Florida may soon replace the current standardized testing system in public schools with a “progress monitoring program” under a bill OK’d Wednesday by a Senate committee.
The Senate Education Appropriations Subcommittee passed the proposal (SB 1048) unanimously. Miami Republican Sen. Manny Diaz Jr. is the bill sponsor.
Under the measure, public schools must roll out a digitized progress monitor tool and a year-end assessment covering math and English within the year. The goal is to devote less time on testing and more time on learning, Diaz suggested.
“We feel that the potential is here for the implementation of progress monitoring and a system that will be game changing for our teachers, for our students and for our parents,” Diaz told committee members.

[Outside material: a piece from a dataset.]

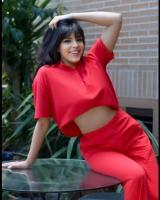 613217194: Chica busca chico en Madrid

Diaz highlighted the benefits of leaving standardized testing in the past throughout the meeting.
Among other benefits, he contends the change will allow educators and students to streamline learning data between one another. The measure requires schools provide student performance results within a week to teachers and two weeks to parents.
“I think we all know that a loud cheer went across the state from parents, instructors and teachers (now) that we’re going to look at testing and see if we could do a better job,” said Committee Chairman Doug Broxson.
Such changes, however, come at a cost. Though the current price tag is unknown, Diaz said lawmakers will have a better idea when the bill appears next before the Senate Appropriations Committee.
“There could be an additional cost to school districts to administer progress monitoring assessments three times per year, as well as administering the assessments to additional grade levels,” says a staff analysis.
The analysis adds, however, that districts may save funds by using less paper.
Diaz’s proposal will appear next before the Senate Appropriations Committee for its final committee stop.
Republican Rep. Rene Plasencia of Orlando is the companion bill sponsor (HB 1193).